===== Data excerpts =====

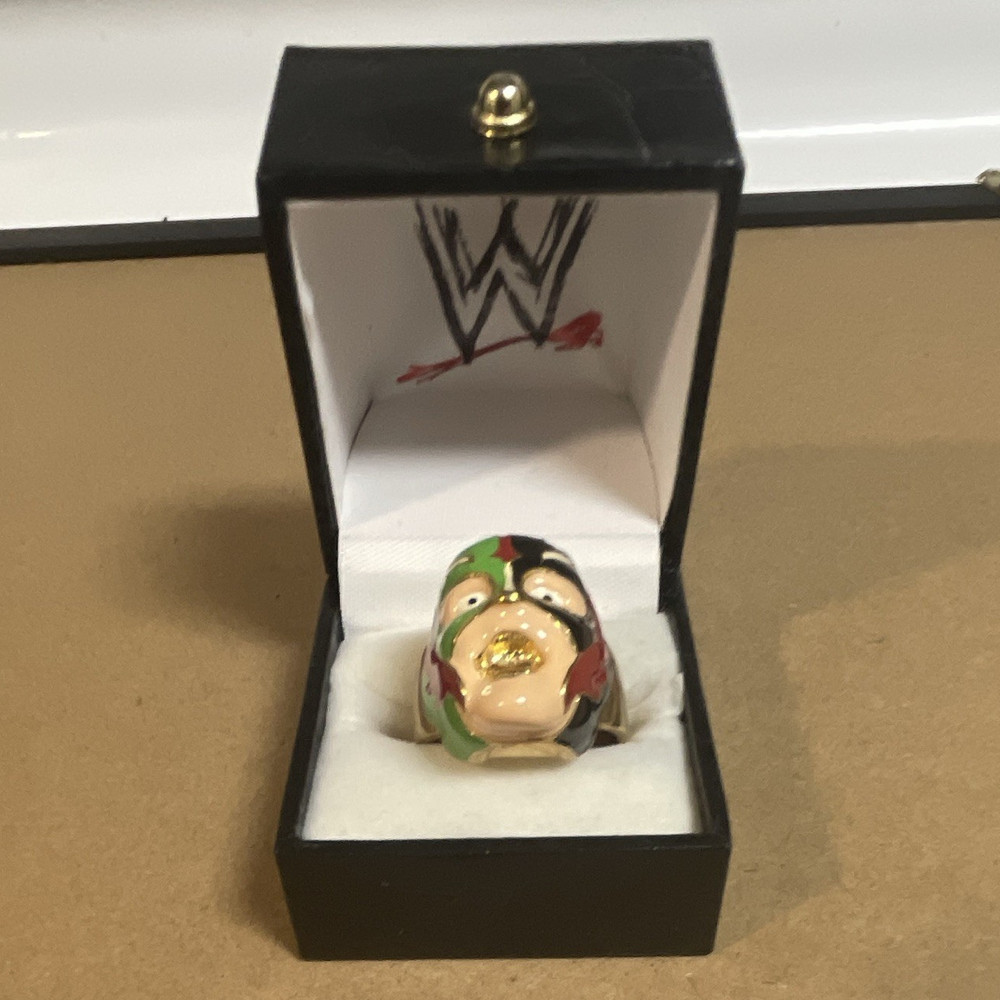 WWE Gold-Tone Multicolor Masked Face Wrestling Ring Collectible Rey Mysterio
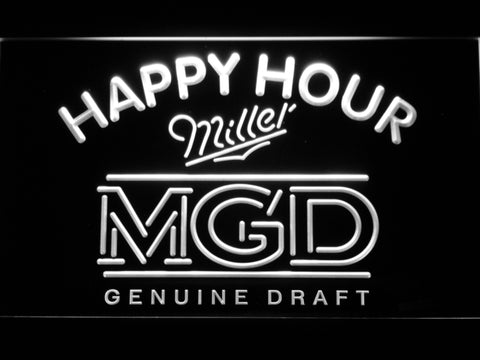 FREE Miller MGD Happy Hour LED Sign - White - TheLedHeroes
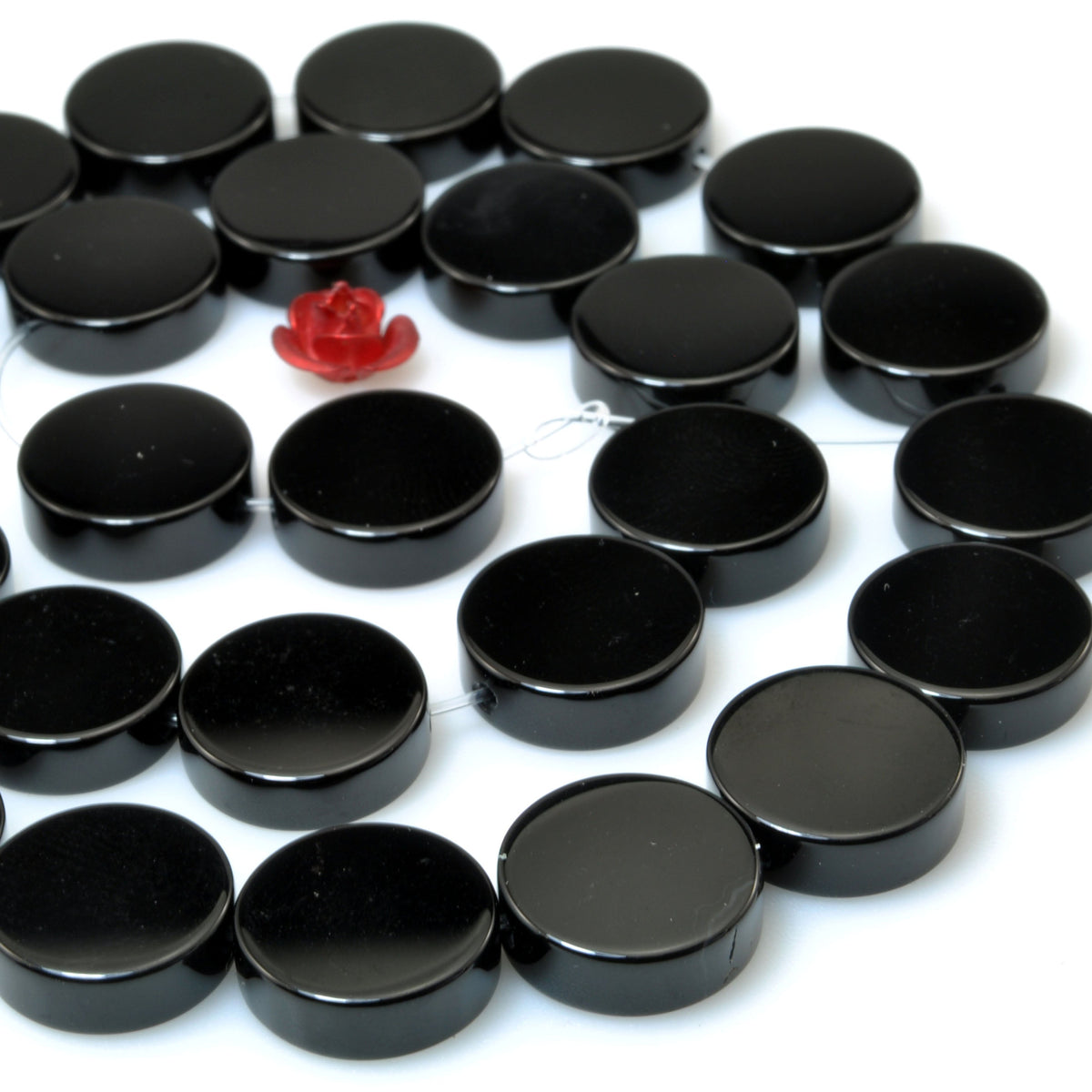 Black Onyx smooth flat coin beads loose gemstones wholesale for jewelry making bracelet necklace diy design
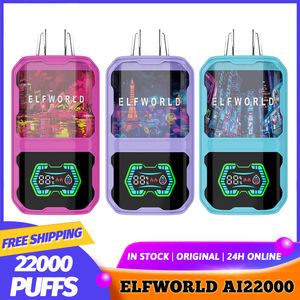 Original ELFWORLD AI22000 22000 baforadas 22K Puff Big Digital Display Screen Descartável Vape E cigarros 26ml Pré-preenchido 10 sabores vaper Pod Device Vs BANG KING 18K 20K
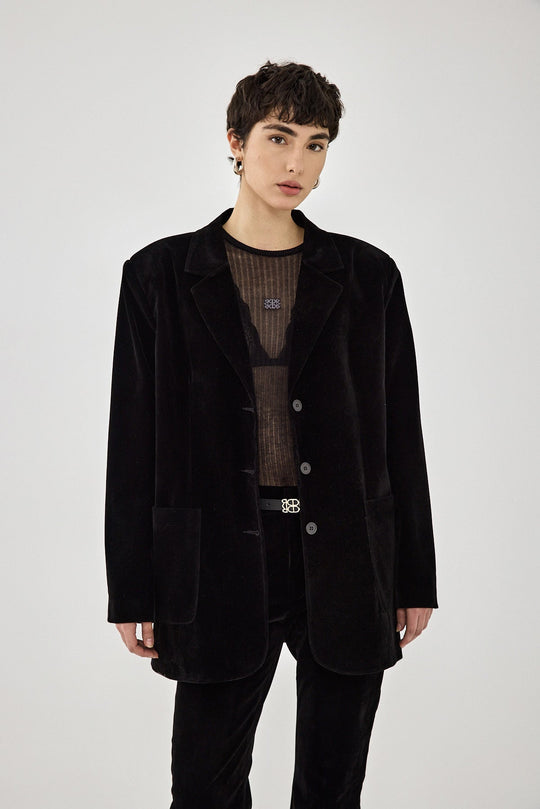 Oversized Rigid Velvet Blazer - Dé Rococo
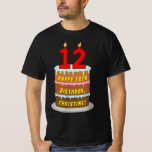 [ Thumbnail: 12th Birthday — Fun Cake & Candles, W/ Custom Name T-Shirt ]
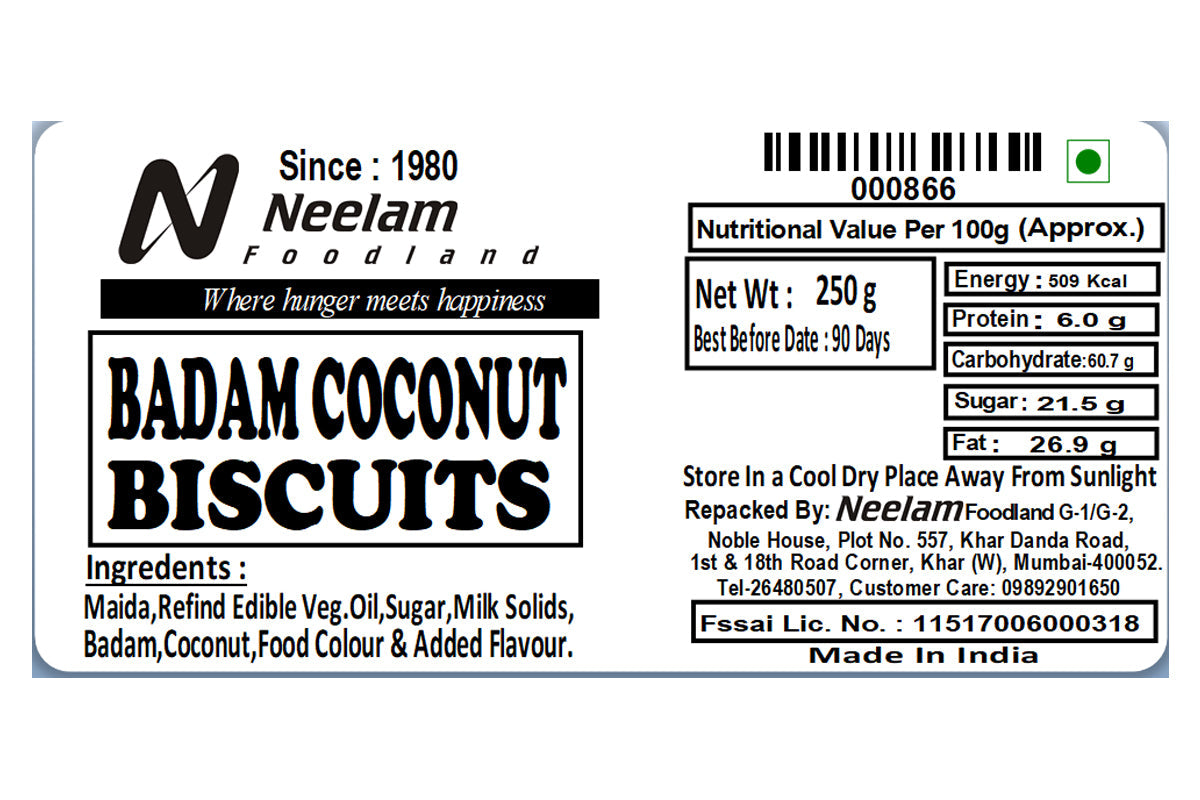 BADAM COCONUT BISCUITS 250 GM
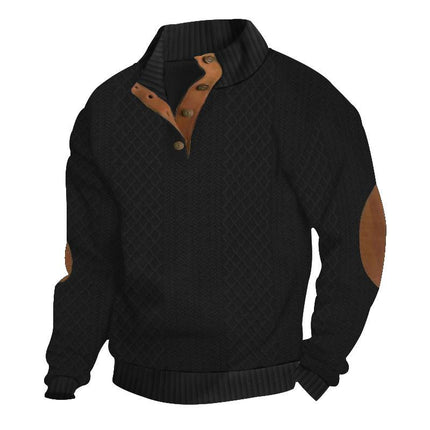 Men's Stand Collar Pullover | Long Sleeve Jacquard Knitted Sweatshirt | Outdoor | High-Quality Fabric | Breathable | Warm | Modern Style | Casual Wardrobe | Sizes Available | Machine Washable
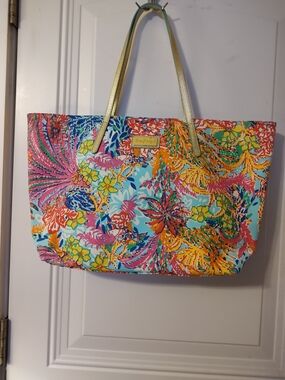 Lilly Pulitzer Multi-Color Floral Tote with Gold Handles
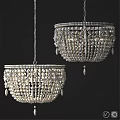Elegant Crystal Beaded Chandeliers With Hanging Chains And Pearl Decorations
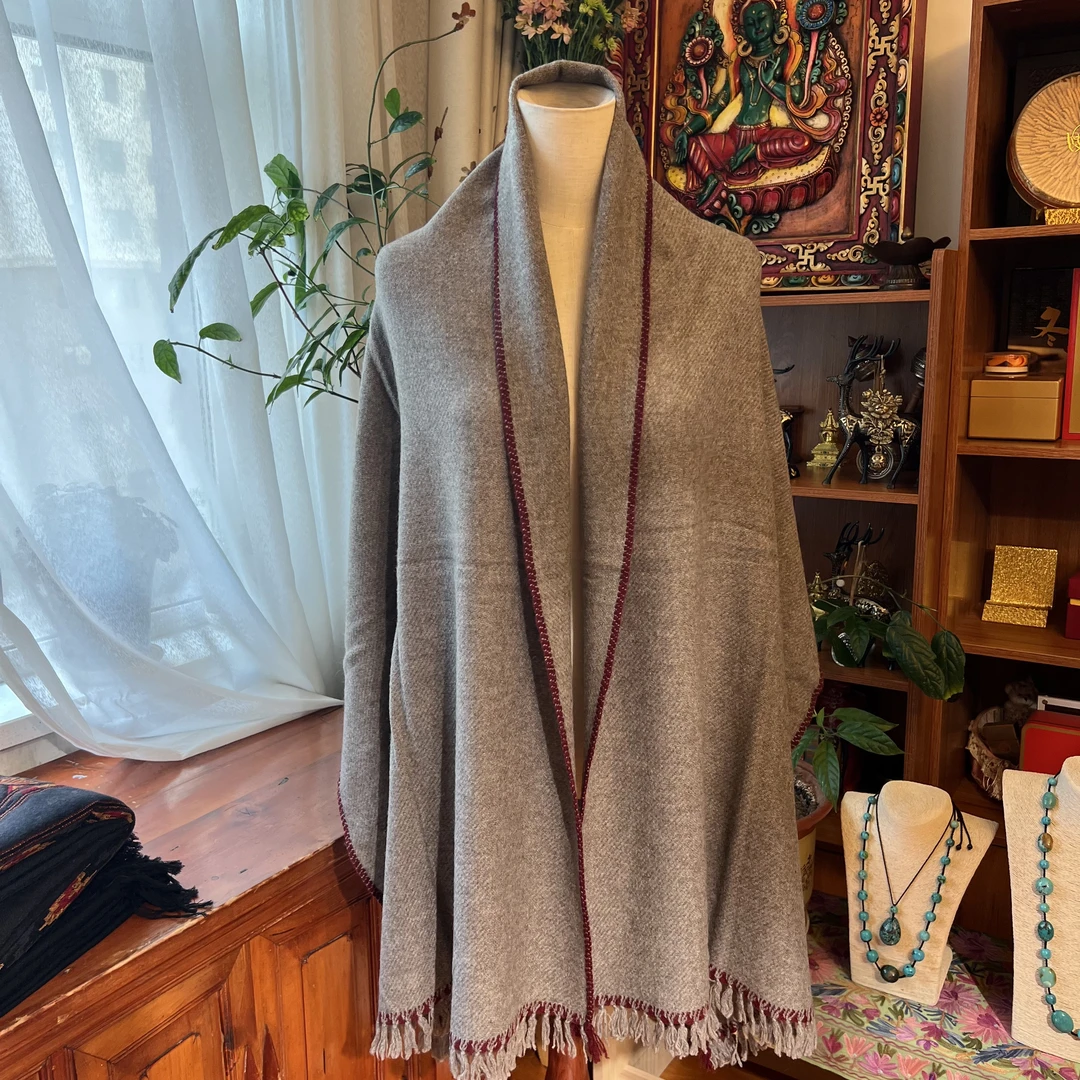 卓玛拉【绛编驼色绒】素色暖意 60*178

=====

## [What is expected]
Please give again, word for word, the lines from the one containing "Black Onyx smooth" through the last line of the listing above, inclusive, and leave out pictures.

## [Task answer]
 Black Onyx smooth flat coin beads loose gemstones wholesale for jewelry making bracelet necklace diy design
 Original ELFWORLD AI22000 22000 baforadas 22K Puff Big Digital Display Screen Descartável Vape E cigarros 26ml Pré-preenchido 10 sabores vaper Pod Device Vs BANG KING 18K 20K
 Oversized Rigid Velvet Blazer - Dé Rococo
 [ Thumbnail: 12th Birthday — Fun Cake & Candles, W/ Custom Name T-Shirt ]
 BADAM COCONUT BISCUITS 250 GM
 Men's Stand Collar Pullover | Long Sleeve Jacquard Knitted Sweatshirt | Outdoor | High-Quality Fabric | Breathable | Warm | Modern Style | Casual Wardrobe | Sizes Available | Machine Washable
 Lilly Pulitzer Multi-Color Floral Tote with Gold Handles
Elegant Crystal Beaded Chandeliers With Hanging Chains And Pearl Decorations
 卓玛拉【绛编驼色绒】素色暖意 60*178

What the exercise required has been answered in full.